Richesse des milieux dans les Alpes valaisannes

De Wikivalais

La richesse particulière de la flore alpine en Valais peut s’expliquer en partie par l’existence de hauteurs sèches et de sommets calcaires très élevés, assez rares ailleurs. De manière générale, on constate que les massifs calcaires sont plus riches que les reliefs siliceux. Des concentrations remarquables d’espèces rares apparaissent ainsi aux Dents du Midi, à la Dent de Morcles et dans les zones calcaires de la chaîne bernoise.

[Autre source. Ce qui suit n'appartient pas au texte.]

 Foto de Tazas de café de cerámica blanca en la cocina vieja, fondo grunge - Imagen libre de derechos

Cette dernière héberge en quelques points une sous-espèce particulière de la saussurée alpine, ainsi que la saxifrage penchée que l’on ne trouve, ailleurs en Suisse, qu’en Engadine.

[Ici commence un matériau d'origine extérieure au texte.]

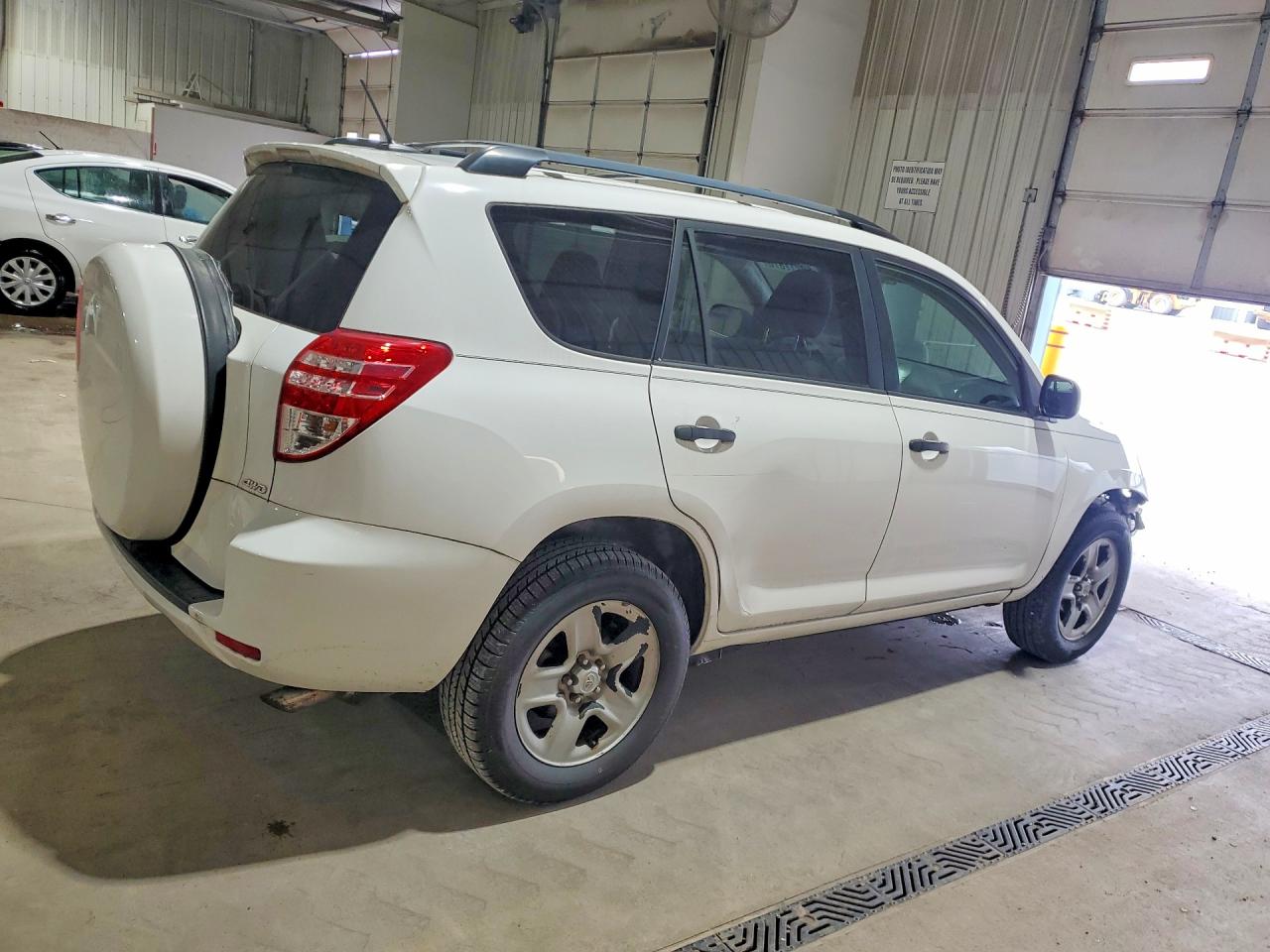 2012 Toyota Rav4 Base White vin: 2T3BF4DV6CW268247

En Haut-Valais, la vallée de Binn, qui comporte aussi des terrains calcaires, jouit d’une solide réputation. Mais la région de loin la plus riche se situe dans les hautes vallées de Zermatt et de Saas. Pourquoi là? C’est d’abord une question de climat: entourées de sommets dépassant 4000 m, la crête du Gornergrat à 3100 m et les parties centrales du bassin de Zermatt se caractérisent par des précipitations exceptionnellement faibles, compte tenu de l’altitude, et par un mois de juillet plus sec que les autres mois d’été. Des plantes des coteaux secs peuvent ainsi remonter au-dessus des glaciers et se mêler à la flore alpine; c’est l’exemple de l’astragale de Montpellier poussant aux côtés de l’edelweiss. La diversité des roches permet d’autre part aux espèces calcicoles et calcifuges de cohabiter. Enfin, il faut mentionner l’existence pendant les glaciations de massifs-refuges particulièrement étendus sur des pentes ensoleillées de part et d’autre du Mont-Rose, qui ont probablement permis la persistance d’une flore plus riche qu’ailleurs. Le décor grandiose du Cervin s’enrichit donc d’une parure fleurie exceptionnelle.

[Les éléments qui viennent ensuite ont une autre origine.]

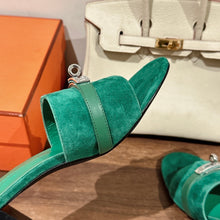 Load image into Gallery viewer, Hermes Gigi Sandal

De la limite supérieure des forêts aux sommets les plus élevés, des pentes ensoleillées aux revers les plus frais, les milieux alpins sont très variés. Mises à part les pelouses, la plupart subissent un rajeunissement régulier: les rochers par l’érosion, les éboulis par les chutes de pierre, les moraines par les fluctuations des glaciers, les alluvions par les divagations des rivières. La roche-mère exerce donc une influence particulièrement manifeste sur la flore. Les plantes se rassemblent selon leurs exigences écologiques et forment de nombreuses associations typiques des différents milieux. La connaissance des principales espèces caractéristiques permettra au promeneur de comprendre cette mosaïque fleurie.